Image-caption web data:

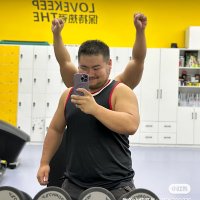 Travis (@travistianho_1) 's Twitter Profile Photo Travis (@travistianho_1) 's Twitter Profile Photo
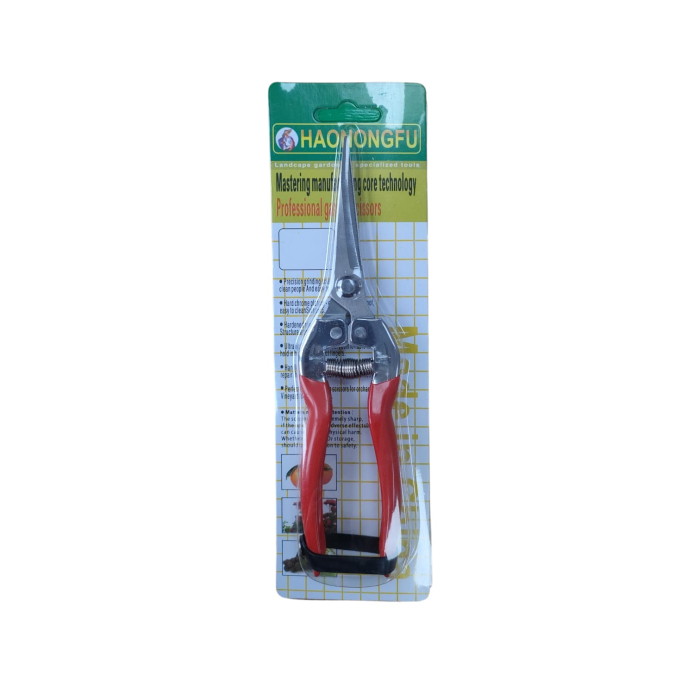 Foarfeca vie 25D 23-19 [3]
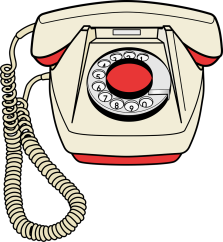 téléphone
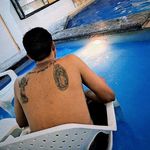 JJ Paredes - @joel.paredes - Instagram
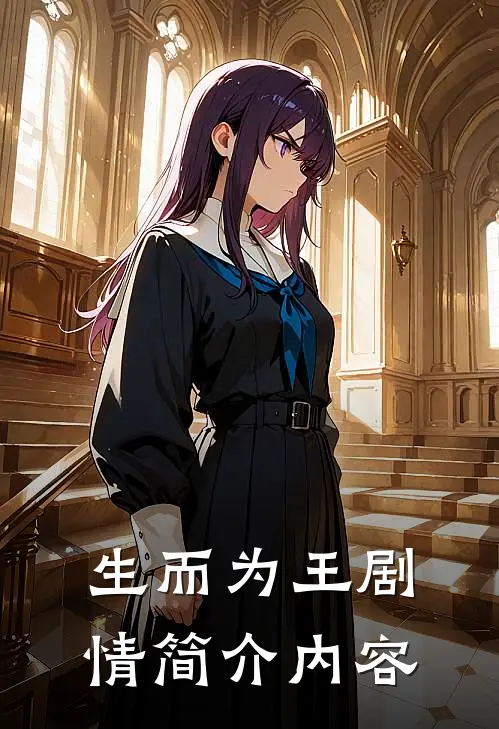 生而为王剧情简介内容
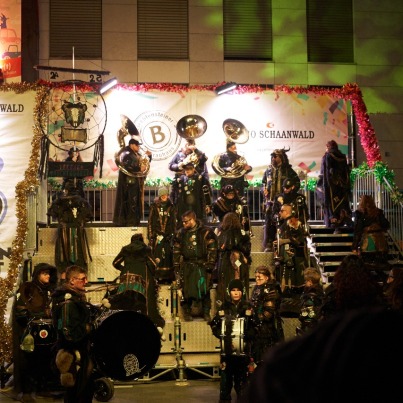 763c7fc02816457f8b1d9ff976d61df5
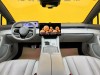 Luxeed S7 2024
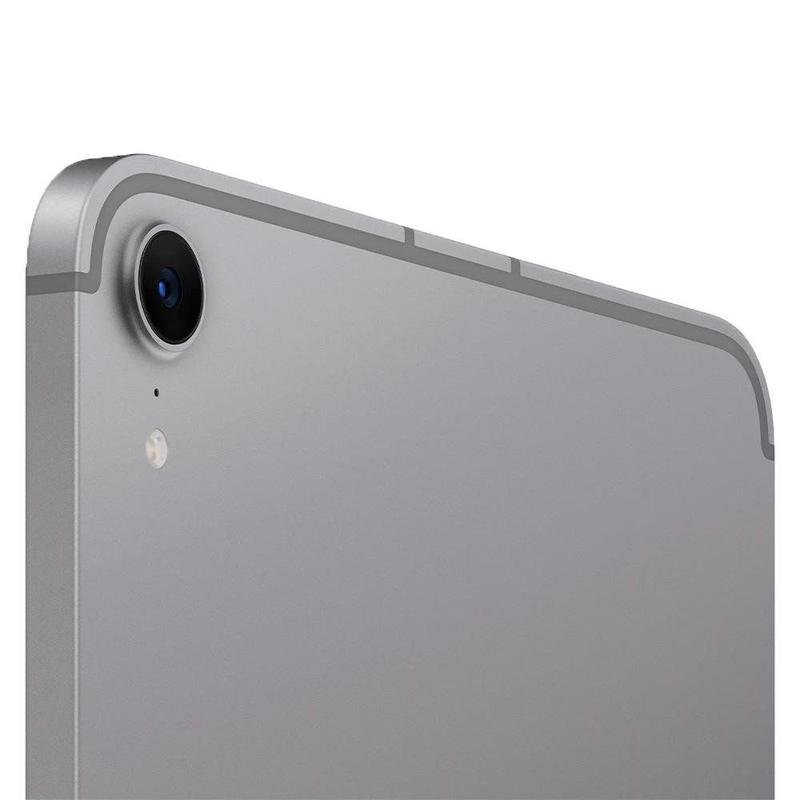 iPad Mini Apple, Tela 8.3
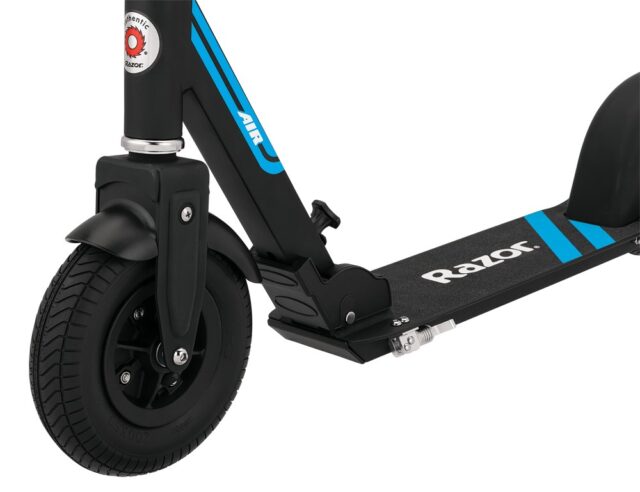Scooter Razor A5 Air - imagine 8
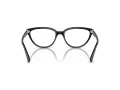 Vogue Lunettes de Vue VO 5517B W44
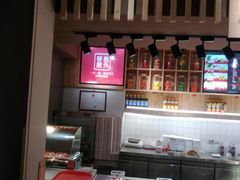 -琴岛顺天馄饨(乐客城店)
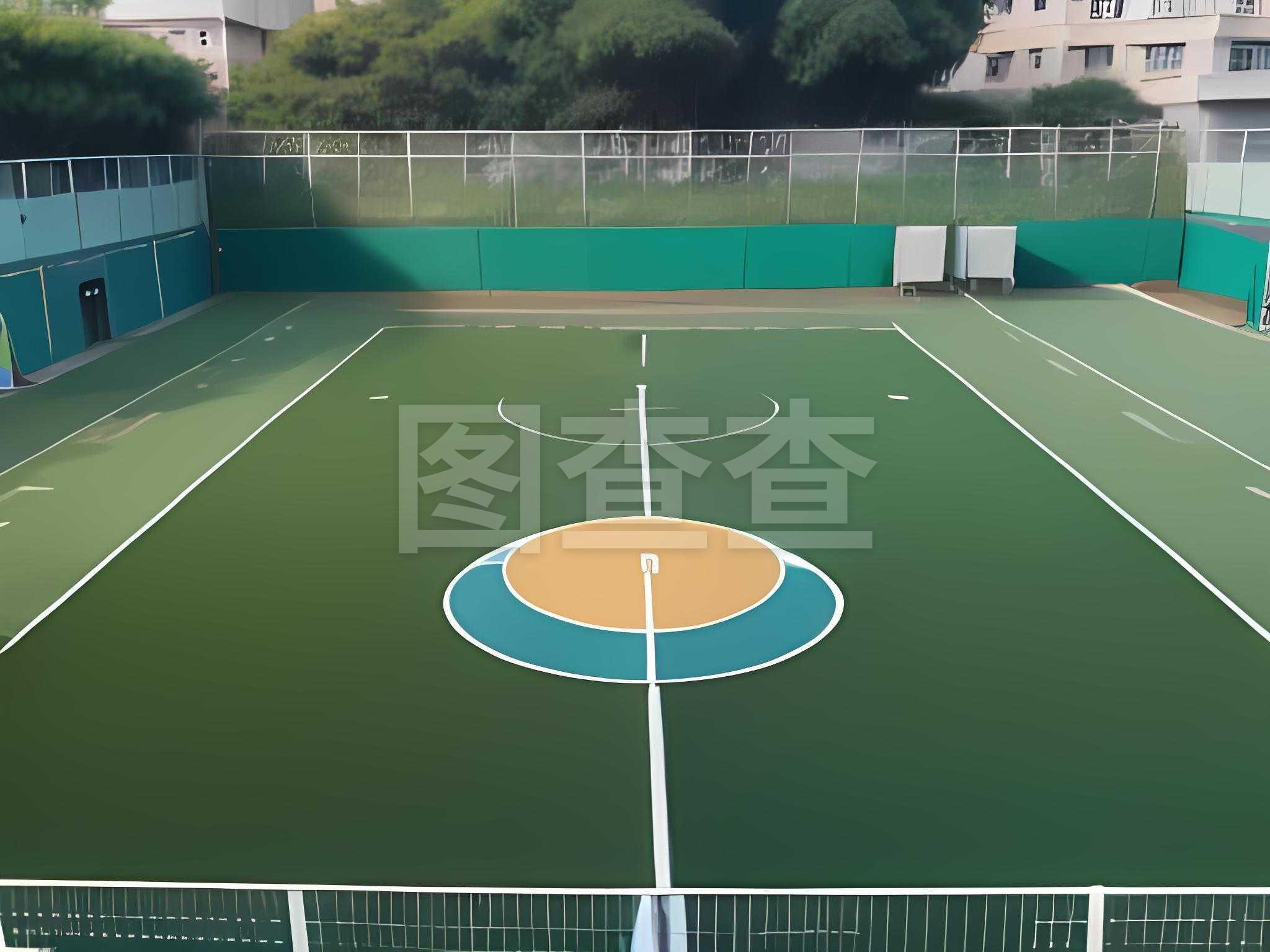 力拼搏的故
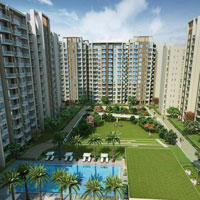 2 BHK Flat for Sale in Sector 113 Gurgaon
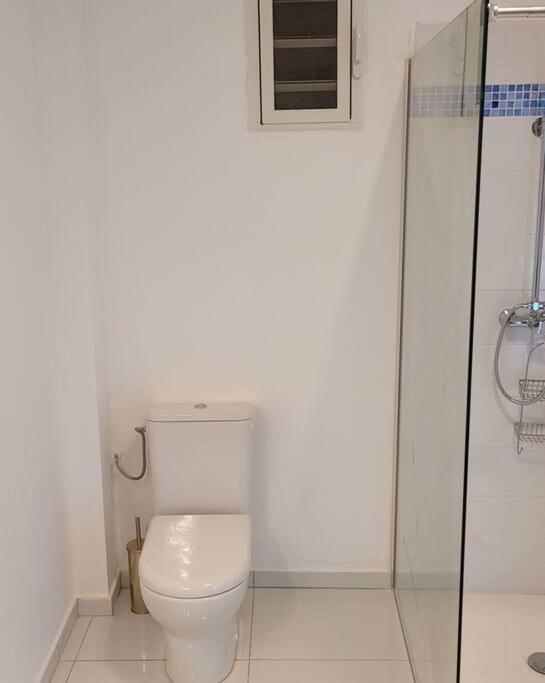 Hello Guyane Daire Cayenne Dış mekan fotoğraf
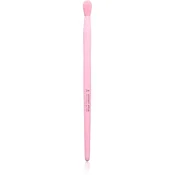 Jeffree Star Cosmetics Eye Blender JS4 Čopič za zabrisovanje za senčila za oči 1 kos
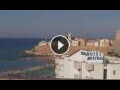 Webcam Termoli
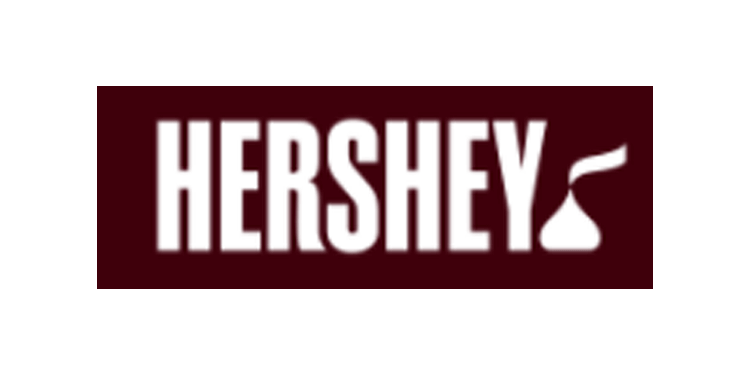 Hershey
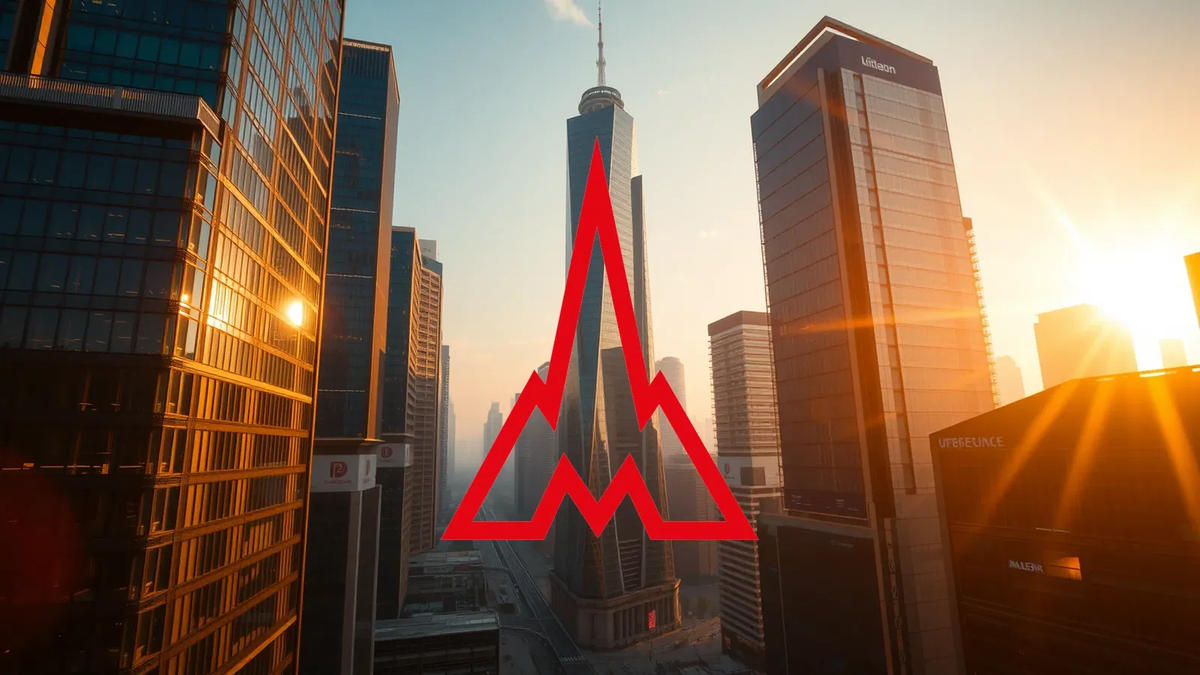 Deutz Aktie: Der nächste Prüfstein - Foto: über boerse-global.de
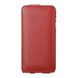 Decoded Leather Flip Case for iPhone 6 - Red, цена | Фото 1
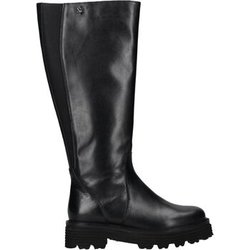 Lazamani Damenstiefel Stiefel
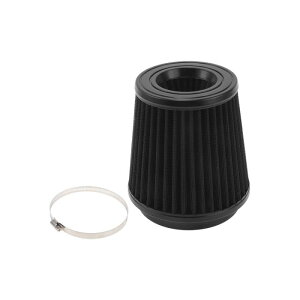 RATCHROLL GWGAtB^[ 114mm nCt[}bV[wbhNvIR[hGACe[NtB^[ N[YhgbvN[GAtB^[N[i[ 1{̃Nv u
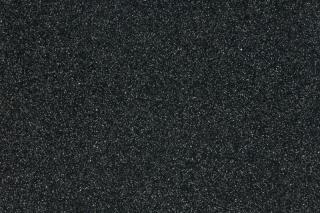 Lepená vinylová podlaha - Black (Altro)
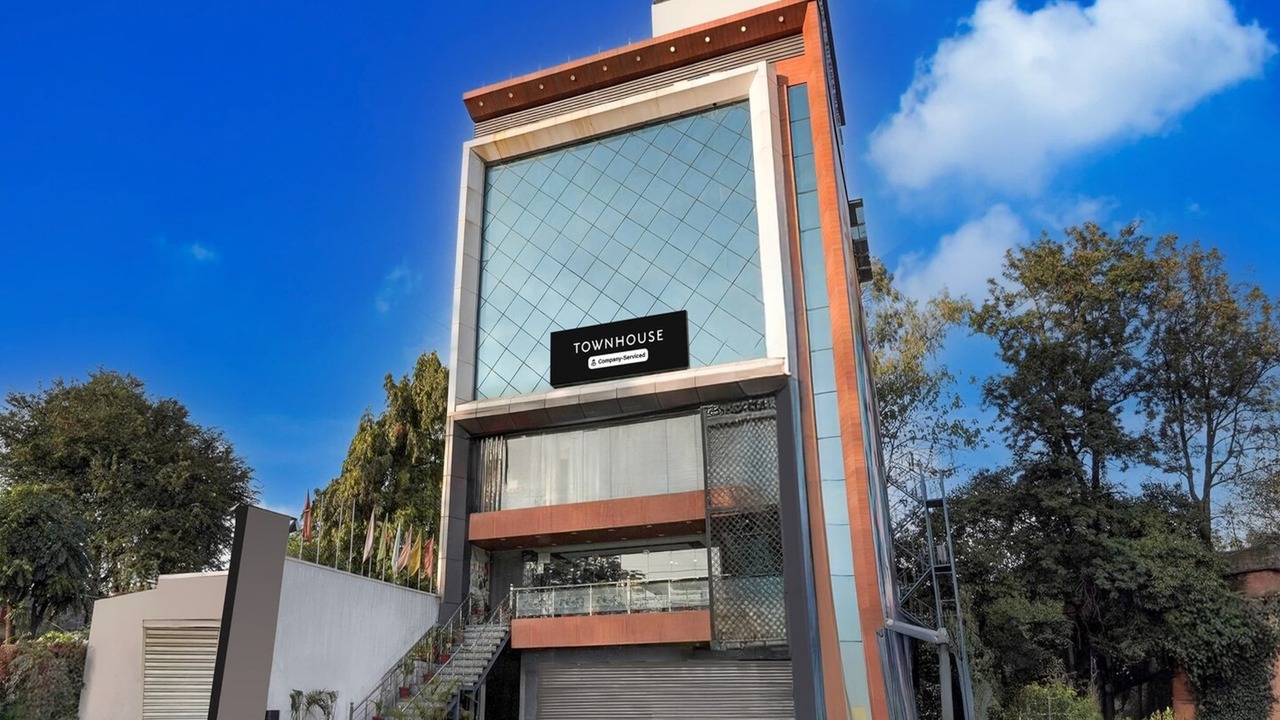 Photo of Outdoor in Dehradun
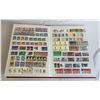 Image 3 : Australia Stamp Collection 4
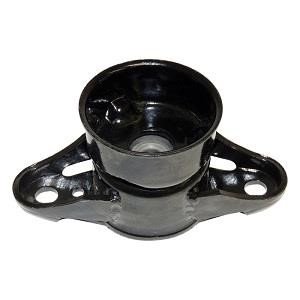 Allmakes 68029590AE Suspension Strut Support Mount 68029590AE: Buy near me in Poland at 2407.PL - Good price!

AIM OF THE EXERCISE: Write out exactly the lines from the one containing "Image 3 : Australia Stamp Collection 4" through the end of the entries, both included. Pictures are not copied.

ANSWER FOR THE TASK:
 Image 3 : Australia Stamp Collection 4
 Allmakes 68029590AE Suspension Strut Support Mount 68029590AE: Buy near me in Poland at 2407.PL - Good price!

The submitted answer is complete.